An individual has to check whether their country has DTAA with India. One has to file Form no 10 and has to provide the following documents:

  • Self-declaration cum indemnity format
  • Self-attested PAN Card copy
  • PIO proof copy (if applicable)
  • Tax Residency Certificate (TRC)

Form 10 F

You can take this form from the Bank or download from incometaxindia.gov. in website. Fill the mandatory details like applicant’s nationality, Tax Identification Number, address and period of residential status.

Self Declaration

Self-declaration is the information that an individual has to provide information about the country which will be covered under the DTAA with India.

Tax Residency Certificate

This certificate must be obtained from the country in which the assessee is residing in a particular financial year. A tax residency certificate is issued on the submission of the required documents and payments of prescribed fees.

Income Types Under DTAA

The NRI’s don’t have to pay double tax on the income earned from the following sources:

  • Services provided in India
  • Salary received in India
  • House property located in India
  • Capital gains on transfer of assets in India
  • Fixed deposits in India
  • Savings bank accounts in India

DTAA Methods

There are two ways to claim DTAA benefits:

  • Tax Credit Method
  • Exemption Method

Tax Credit Method

Tax Credit Method is a popular way of taking DTAA benefits. An individual has to take all his income into consideration (foreign country + home country income) and compute the taxes. Calculate the taxes as per the home country and take credit while paying taxes.

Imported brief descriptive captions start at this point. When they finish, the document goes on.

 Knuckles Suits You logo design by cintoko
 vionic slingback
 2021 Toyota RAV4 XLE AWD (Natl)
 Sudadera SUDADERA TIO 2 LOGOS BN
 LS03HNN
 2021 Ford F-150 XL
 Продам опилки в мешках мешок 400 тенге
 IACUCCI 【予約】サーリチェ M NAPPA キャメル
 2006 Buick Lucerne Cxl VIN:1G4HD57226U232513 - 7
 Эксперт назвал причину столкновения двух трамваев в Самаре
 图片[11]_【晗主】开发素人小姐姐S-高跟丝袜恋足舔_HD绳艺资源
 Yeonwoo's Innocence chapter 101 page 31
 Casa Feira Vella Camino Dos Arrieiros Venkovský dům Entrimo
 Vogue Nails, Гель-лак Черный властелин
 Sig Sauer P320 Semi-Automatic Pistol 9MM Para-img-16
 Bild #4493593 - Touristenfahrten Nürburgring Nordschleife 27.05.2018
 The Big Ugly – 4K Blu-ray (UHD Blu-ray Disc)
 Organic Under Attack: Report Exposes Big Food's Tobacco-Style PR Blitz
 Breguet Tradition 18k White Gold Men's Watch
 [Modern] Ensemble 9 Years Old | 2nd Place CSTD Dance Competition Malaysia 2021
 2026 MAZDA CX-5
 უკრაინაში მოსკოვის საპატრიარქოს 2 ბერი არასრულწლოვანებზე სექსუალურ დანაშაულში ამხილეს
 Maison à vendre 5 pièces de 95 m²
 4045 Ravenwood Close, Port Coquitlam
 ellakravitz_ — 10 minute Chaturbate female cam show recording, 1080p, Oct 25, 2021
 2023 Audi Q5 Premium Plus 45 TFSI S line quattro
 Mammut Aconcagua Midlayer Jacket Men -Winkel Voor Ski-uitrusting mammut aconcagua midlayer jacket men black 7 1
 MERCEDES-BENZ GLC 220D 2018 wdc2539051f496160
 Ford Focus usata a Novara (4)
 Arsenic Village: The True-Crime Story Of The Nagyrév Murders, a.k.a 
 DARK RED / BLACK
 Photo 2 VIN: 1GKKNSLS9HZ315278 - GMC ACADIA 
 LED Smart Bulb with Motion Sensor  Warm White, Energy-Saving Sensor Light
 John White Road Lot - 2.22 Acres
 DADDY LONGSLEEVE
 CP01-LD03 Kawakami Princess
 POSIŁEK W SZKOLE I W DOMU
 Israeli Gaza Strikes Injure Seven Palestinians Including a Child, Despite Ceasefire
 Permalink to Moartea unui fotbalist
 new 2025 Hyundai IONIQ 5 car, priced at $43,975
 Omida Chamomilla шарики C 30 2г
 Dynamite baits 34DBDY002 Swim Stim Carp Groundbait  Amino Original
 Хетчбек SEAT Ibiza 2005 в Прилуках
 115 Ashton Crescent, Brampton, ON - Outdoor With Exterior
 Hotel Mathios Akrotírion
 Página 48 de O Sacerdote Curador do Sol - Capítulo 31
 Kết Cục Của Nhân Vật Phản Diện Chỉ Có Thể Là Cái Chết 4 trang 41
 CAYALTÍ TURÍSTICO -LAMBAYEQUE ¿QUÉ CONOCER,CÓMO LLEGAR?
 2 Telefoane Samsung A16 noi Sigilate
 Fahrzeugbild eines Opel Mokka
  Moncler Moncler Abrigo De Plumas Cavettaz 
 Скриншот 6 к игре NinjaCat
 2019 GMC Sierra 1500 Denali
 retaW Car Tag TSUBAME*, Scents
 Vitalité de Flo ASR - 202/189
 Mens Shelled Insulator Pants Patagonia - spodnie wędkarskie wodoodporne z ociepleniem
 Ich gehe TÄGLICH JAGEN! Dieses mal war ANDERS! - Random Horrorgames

For instance, a person has a bank interest in India of Rs. 20 lakh then 30% tax rates are applicable. Currently, if a person is living in a foreign country and the taxes are at 40% then the person will be able to take back 30%, and only 10% of taxes would be applicable.

Exemption Method

Exemption Method is another way in which you don’t have to consider your home country income. You have to just pay taxes on the income you have earned in the foreign country. In this method, you can pay taxes in any one of the two countries.

Disclaimer:
All efforts have been made to ensure the information provided here is accurate. However, no guarantees are made regarding correctness of data. Please verify with scheme information document before making any investment.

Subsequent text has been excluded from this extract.